» **Problem to solve**: Among the entries below, find the line with "Flat icon design", then quote it and each following line up to and including the line with "Binocular view with", and nothing else.

» **Exercise data**:

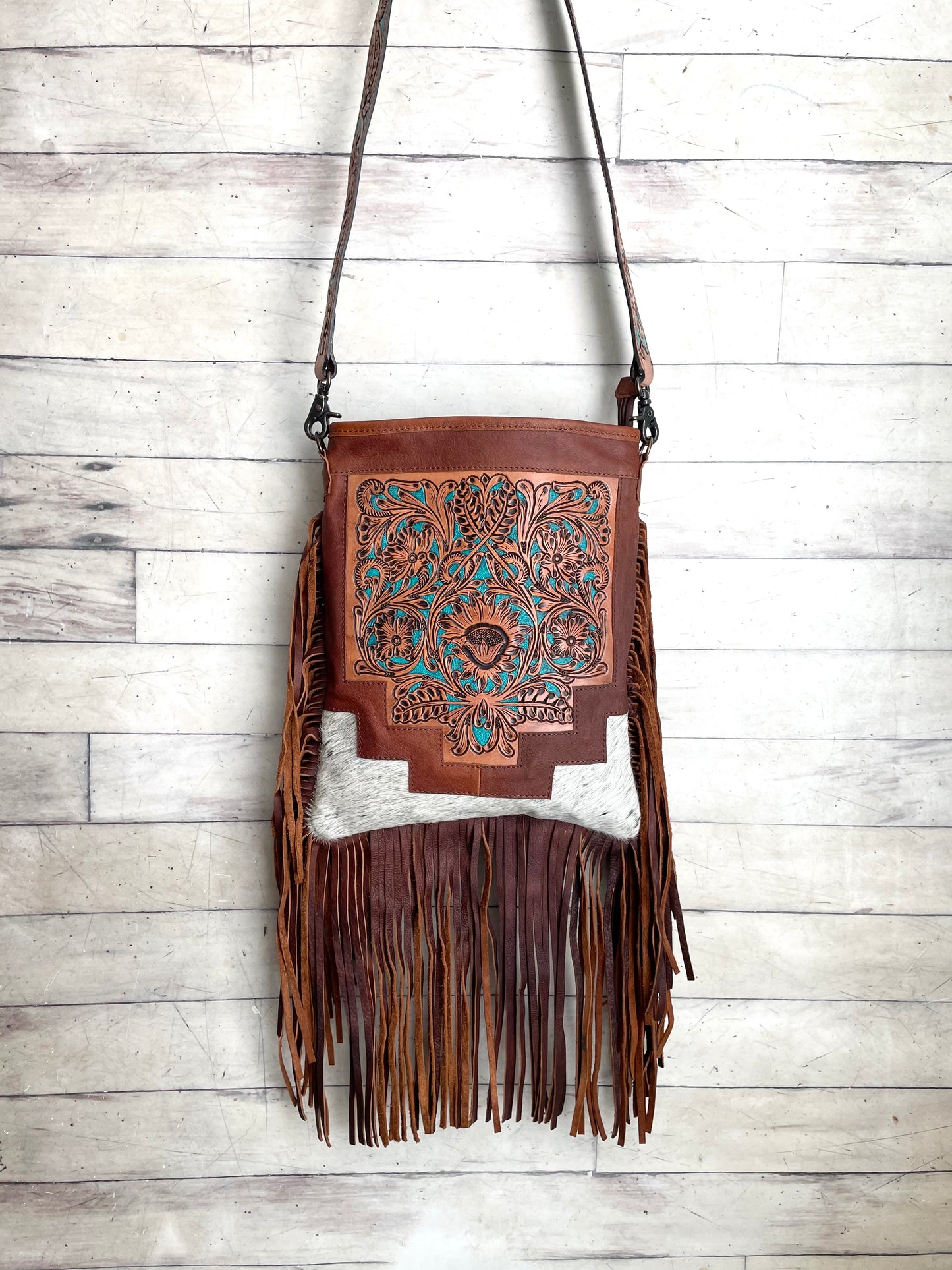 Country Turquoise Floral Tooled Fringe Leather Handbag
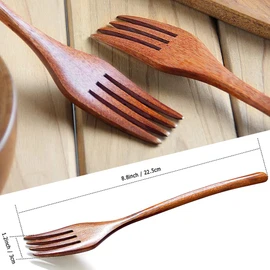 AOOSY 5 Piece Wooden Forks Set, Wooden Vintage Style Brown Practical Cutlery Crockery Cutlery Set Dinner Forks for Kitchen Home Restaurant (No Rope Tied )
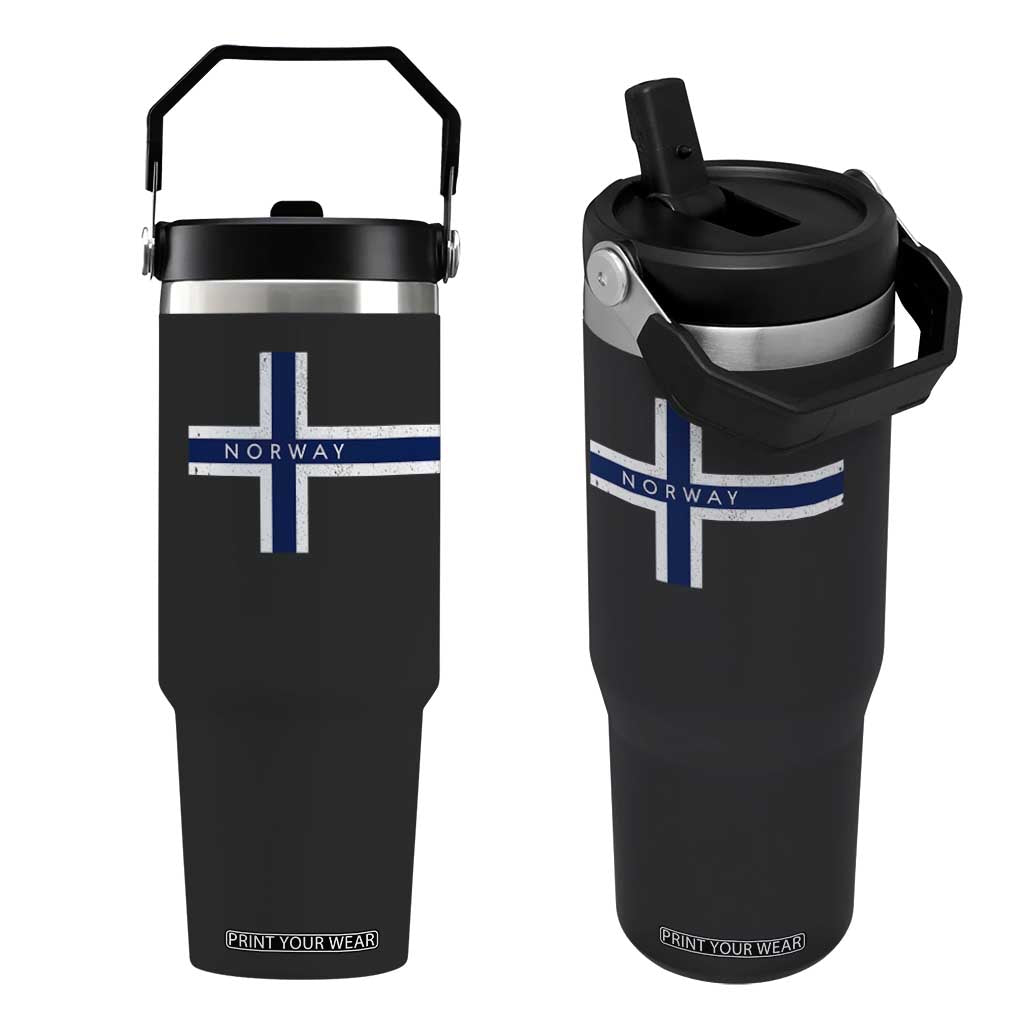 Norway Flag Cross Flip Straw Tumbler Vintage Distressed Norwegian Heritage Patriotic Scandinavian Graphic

* * *

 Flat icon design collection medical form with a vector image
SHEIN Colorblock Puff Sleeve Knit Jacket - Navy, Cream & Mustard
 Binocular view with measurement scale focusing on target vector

» **Task response**:
 Flat icon design collection medical form with a vector image
SHEIN Colorblock Puff Sleeve Knit Jacket - Navy, Cream & Mustard
 Binocular view with measurement scale focusing on target vector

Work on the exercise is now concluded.